Two Special Dates in the Baseball Season

In Michael Lewis’ book, Moneyball: The Art of Winning an Unfair Game, he chronicles how Billy Beane, the long-time GM of Oakland, a small budget team, had to resort to unusual tactics to make Oakland competitive. One of these strategies was to just stay within reach of making the playoffs for the first half of the season and then through the use of trades before the non-waiver trade deadline and call-ups in September make the final run for the playoffs.

Because of Oakland’s limited budget, players requiring long-term multi-million dollar contracts, were out of his reach in the off-season. This brings me to the date of July 31. July 31 is the end of the non-waiver trade deadline. Starting August 1 of each season, clubs can put players on a special type of waivers. Any player who could possibly be traded can be put on waivers and if they are claimed, the club can call them back without losing the player. If a player is not claimed within the 48-hour waiver period, he can be traded to any MLB team during the month of August. If multiple teams put in claims on the same player, only one club can have the priority waiver claim. Priority is given to the team with the lowest winning percentage in the same league, from worst to first, and then from worst to first in the other league.

This rule encourages many teams out-of-playoff-contention to make trades before July 31. Teams out of playoff contention try to discard a veteran player either to reduce their budget or because they no longer feel he can help them or because they feel they can’t resign him.

This year the Mets were able to snag Yoenis Cespedes from the Tigers. Since putting on the Mets uniform he has led a resurgent Mets offense into a commanding lead in the NL East. Before the trade deadline Toronto acquired Troy Tulowitzki from the Rockies and David Price from the Tigers. These trades helped propel Toronto from an under .500 team to the lead in the AL East.

The other special date is September 1. On this date teams can promote any player on their 40-man roster to the big league club. Most will add four to eight players, bringing their roster size to about 32, but some teams end up with 35 or more.

Here are the problems I see with the September call-up rule as it now stands.
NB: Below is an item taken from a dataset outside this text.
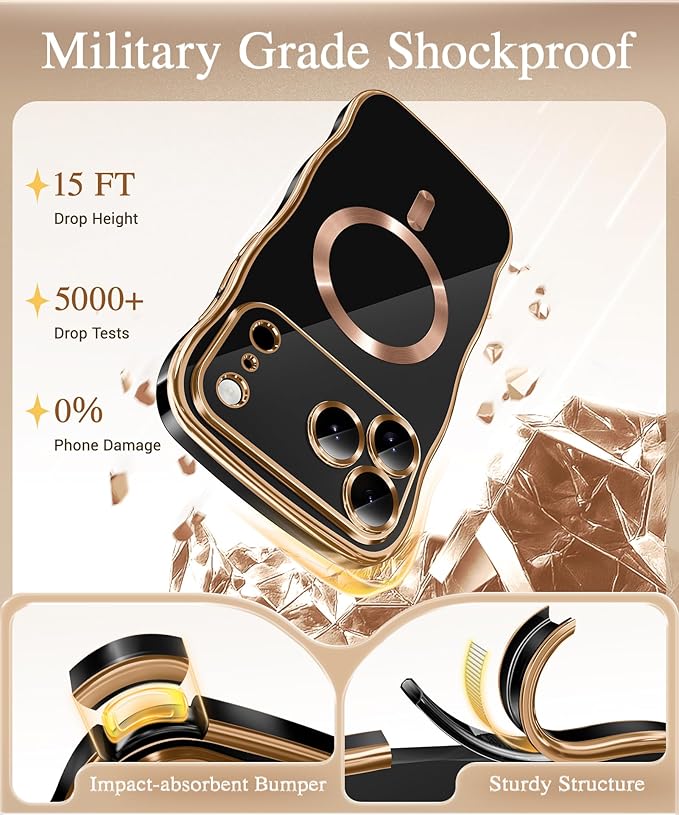 GVIEWIN for iPhone 17 Pro Case Compatible with MagSafe, Upgraded [Full Camera Protection][Cute Wave Frame][Military Grade Protection] Electroplated Hard Phone Cover for Women Girl, Black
First is how the length of a September game can be affected. Forty-man rosters let managers load their bullpens with as many arms as they want. From March to August of last season only two percent of games saw a team use at least eight pitchers. In September, that number skyrocketed to seven percent. As a result, the chances of a game hitting the three-hour mark also went up by about five percent. Next, this rule creates a situation where all teams do not have the same number of players active during a game. A more pressing issue is by adding players to the daily roster, the fundamental nature of the game changes. For example, there have been teams to use non-baseball players. The prime example is the role of a pinch-runner can be filled by a track star. With a 25-man active roster you could not afford the luxury to carry such a player.

Baseball is played with one set of rules for five months, yet suddenly — when the games are most important — those rules change. This does not happen in other sports.
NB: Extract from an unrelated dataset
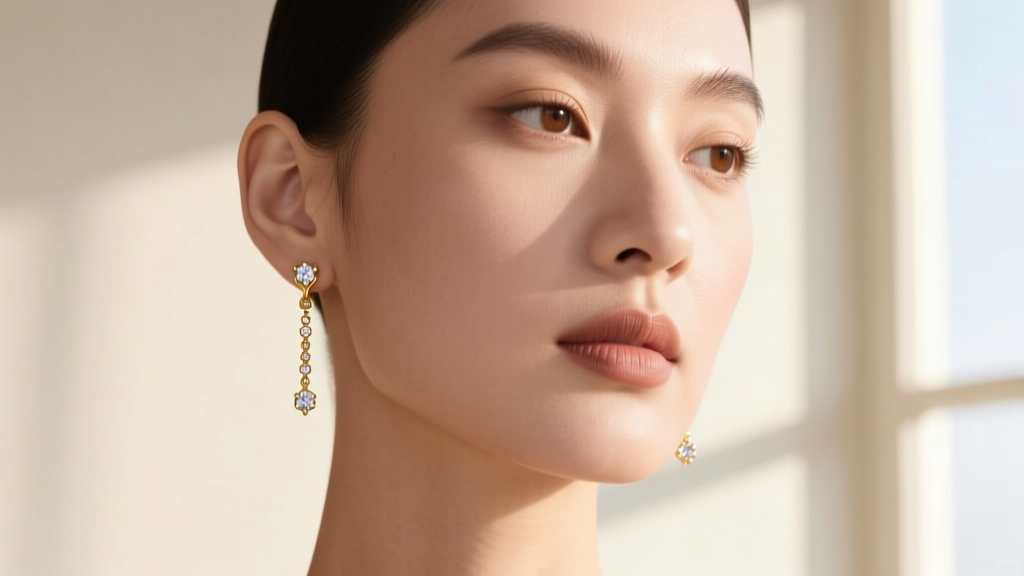 Elegant 14k gold threader earrings with small diamonds dangling from the earlobes of a model against a soft cream background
I am not against the rule but would like it changed. After all are as much a part of the game as the All-Star game. Allow teams to increase the roster to 40 players but for any game only 25 players would be active. This would keep the many benefits the call-up rule brings to the young player as well as to the team. The young player gets to audition his skills and also increase his pay and increase his Major League credits toward his free-agency and his pension. Remember how last season’s Royals benefitted in the World Series by letting Brandon Finnegan get his feet wet in September.

Original Comments:

Marty Cobern said…

Great idea, which means the MLB will never adopt it. It lets those with big leads in the pennant race rest their key players and those out of the race to evaluate future talent. “To hell with the fans!” is the MLB motto.